# Morning Star Trip 5 Sep 10



## Talapia (Apr 27, 2003)

Headed out on the Morning Star on Sunday 5 Sep. Weather was
absolutely perfect! Warm enough to wear shorts and a t-shirt
but not hot enough to sweat. Boat had about 20+ folks 
since the Saturday passengers were moved to Sunday due to 
the storm. Plan was for flounder and seabass. Boat left at
7:30 AM and steamed out for about an hour and a half.
First drop was very slow. Probably 75% of the folks were
rigged for flounder. I was fishing for whatever was biting.
I rigged up for seabass. Caught around 5 keeper seabass
at this spot. One thing I noticed was that even though the
bite was slow the keeper ratio was very good. Mine 
was probably around 3 throwbacks for every keeper.
Second drop was only about 15 minutes away and there 
were several other local party boats from OC there.
Fishing was MUCH better here and I had a nice steady stream
of keepers coming in.

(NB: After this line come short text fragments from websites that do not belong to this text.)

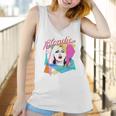 Blondie 80S Womens Women Tank Top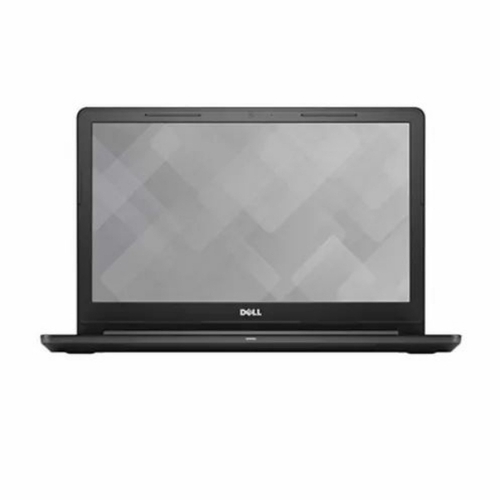 Black Dell Laptop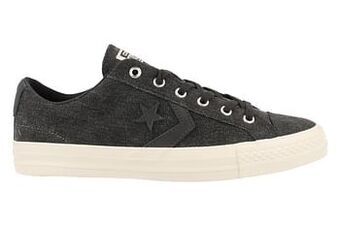 Converse Sneaker Laag Starplayer Ox Heren - Grijs
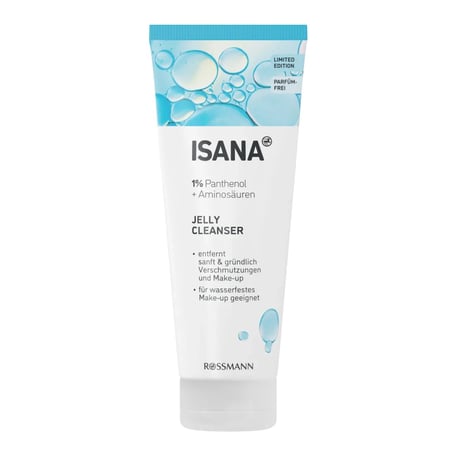 ISANA ジェリークレンザー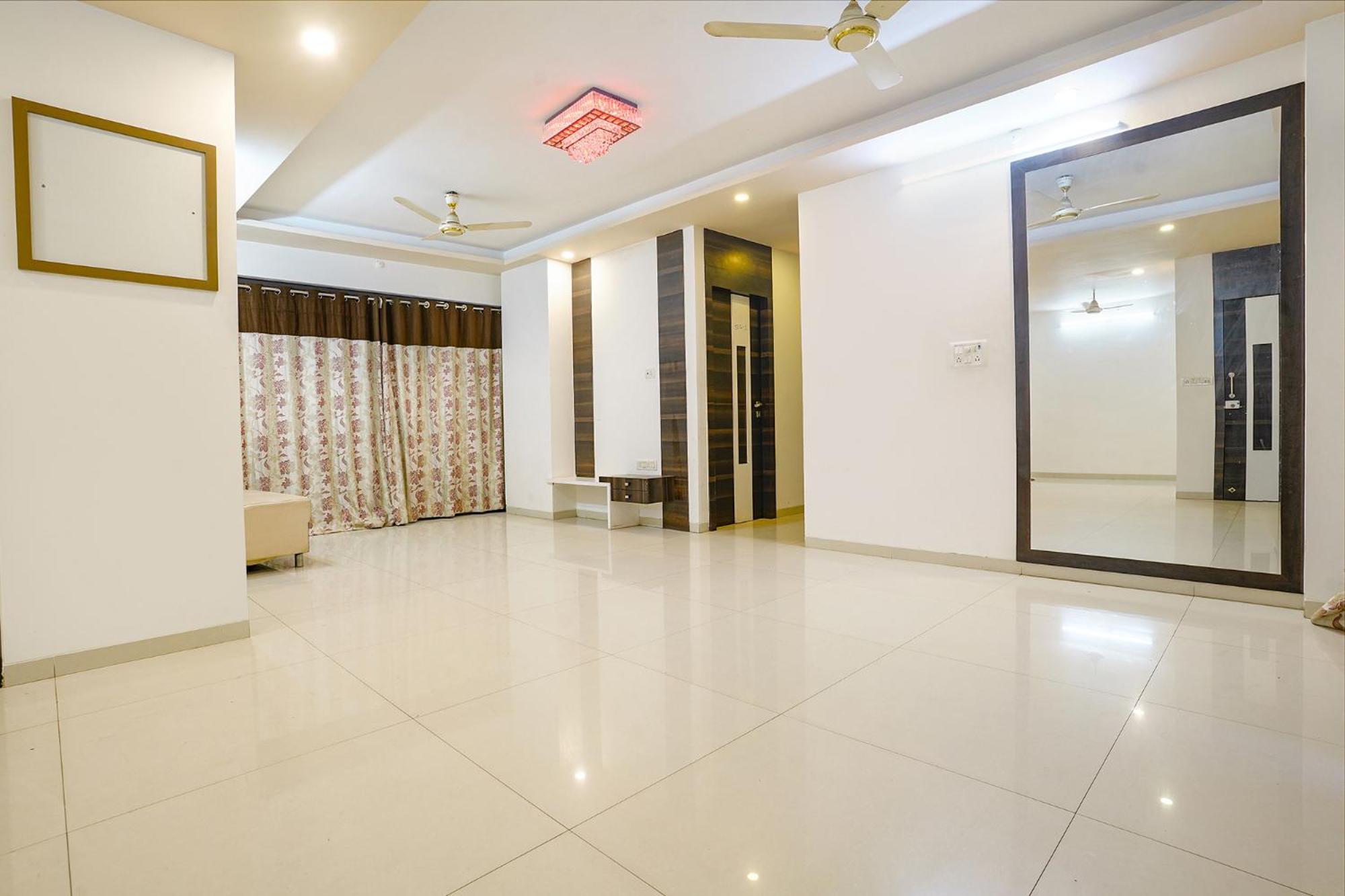 Fabhotel Shree Balaji Apartment Mira-Bhayandar Экстерьер фото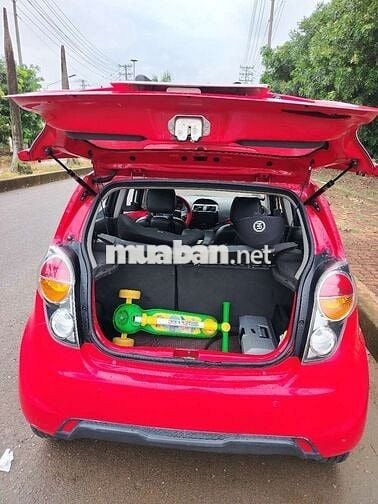 Spark 2014 LTZ 1.0 - 142000 km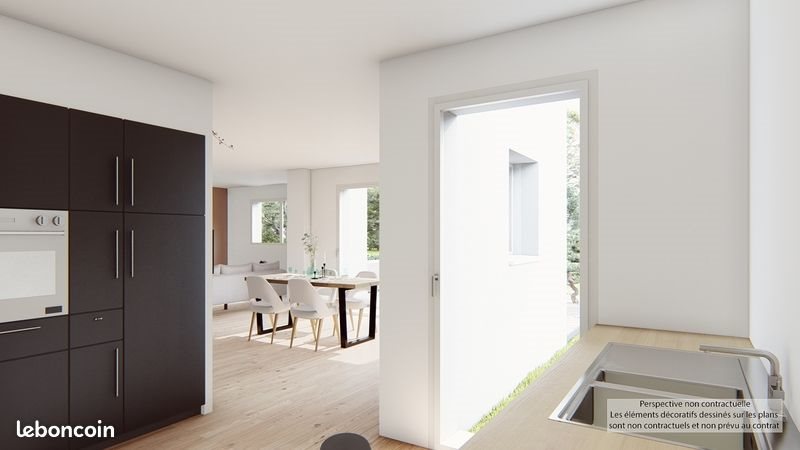 Maison à vendre, 99m², Guissény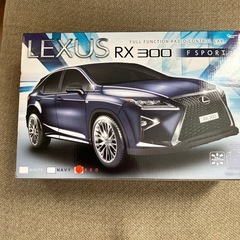 LEXUS RX300  F  SPORTラジコン‼️新品‼️の画像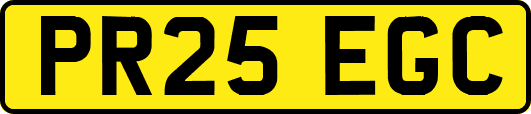 PR25EGC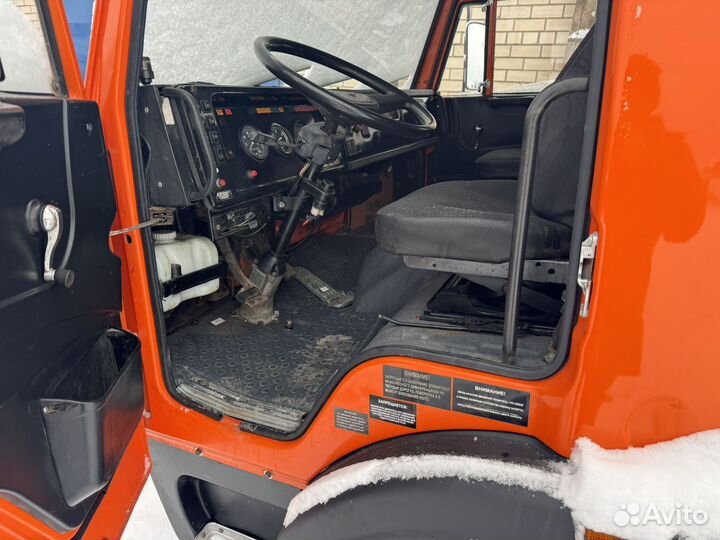 Кабина камаз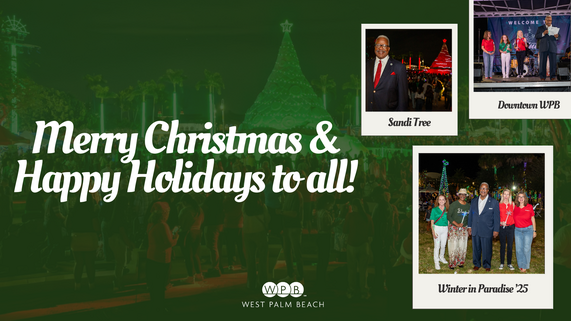 holidays in west palm beach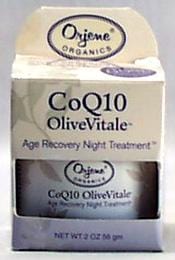 Orjene Age Recovery Night Treatment - 2 ozs.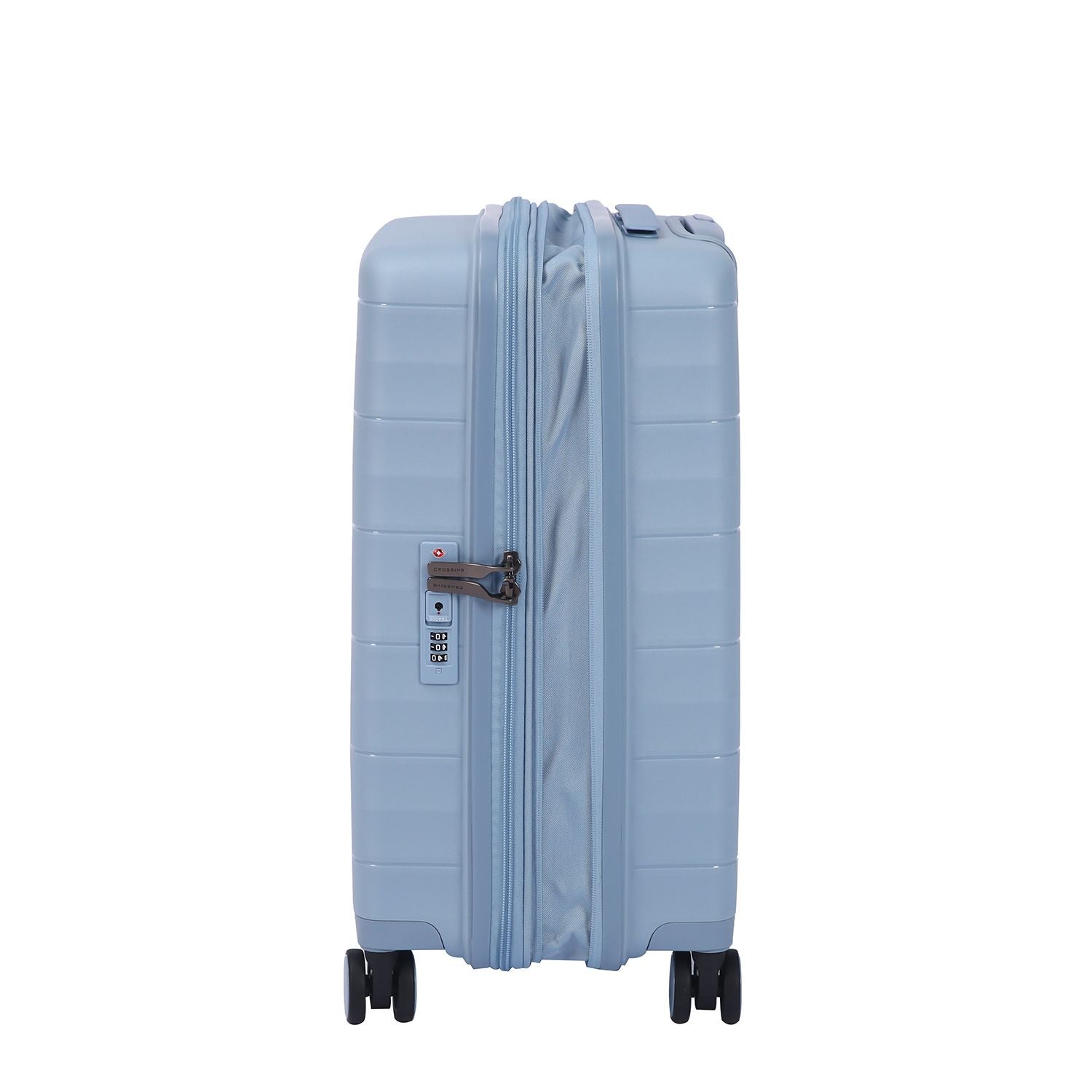 Crossing PRIM Polypropylene Carry On Luggage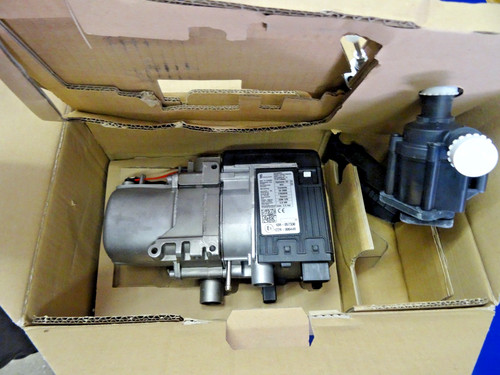 Riscaldatore parcheggio - riscaldatore,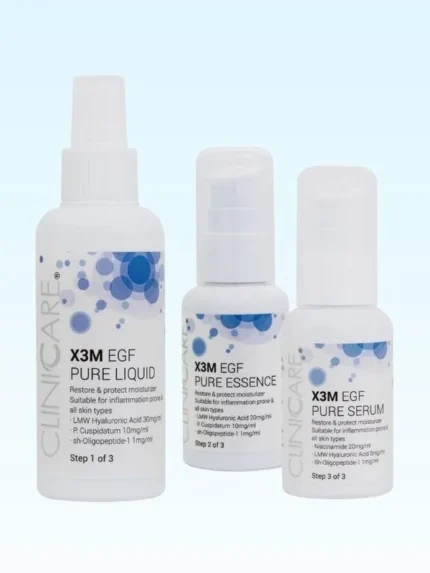 CLINICARE X3M EGF Pure Luconè Beauty Shop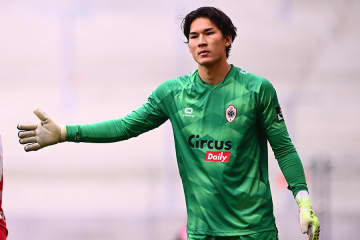 野澤大志ブランドンが追加招集　鈴木彩艶に変わって11月のメンバー入り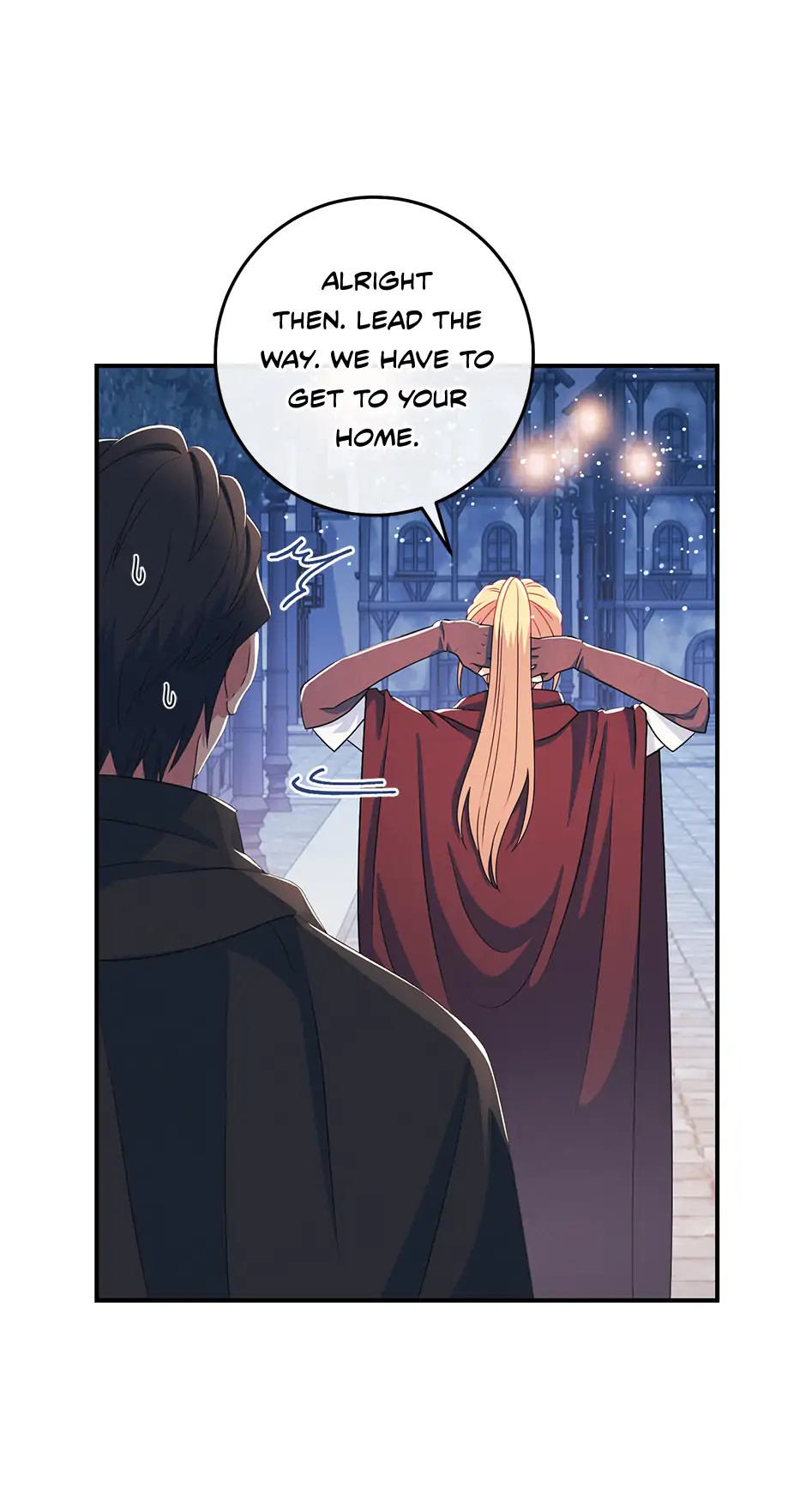 My Duke Is Not Dead Chapter 48 - Page 45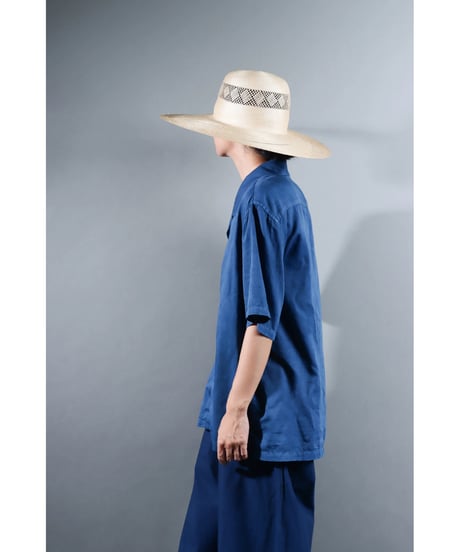 2.Kolumo / size1 / satin / Sky blue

Me and the guy next to me had a few
fish that we did not think had a shot at making 12.5". But 
some of them long skinny seabass will suprise ya. We had 
about 5 or 6 fish in a row that measured out just past 12.5".
We told everyone to stay the heck away from our "magic ruler"
The flounder fisherman had an awful day. Only 2 keepers were 
caught and both of them by clam fisherman. I was lucky enough
to have the first keeper and was just beat out for the pool
by a guy 2 spots down. On the way in I had my fish cleaned and
figured I had about 15 fish. I was really suprised to see
them count out 24 seabass. One shy of a limit... overall great
day.


----------



## greeneon98 (May 11, 2007)

Nice to hear you had a good trip. sea bass are delicious!


----------



## eaglesfanguy (May 1, 2003)

Awsome report! I miss those fluke/seabass trips up in Long beach island.


----------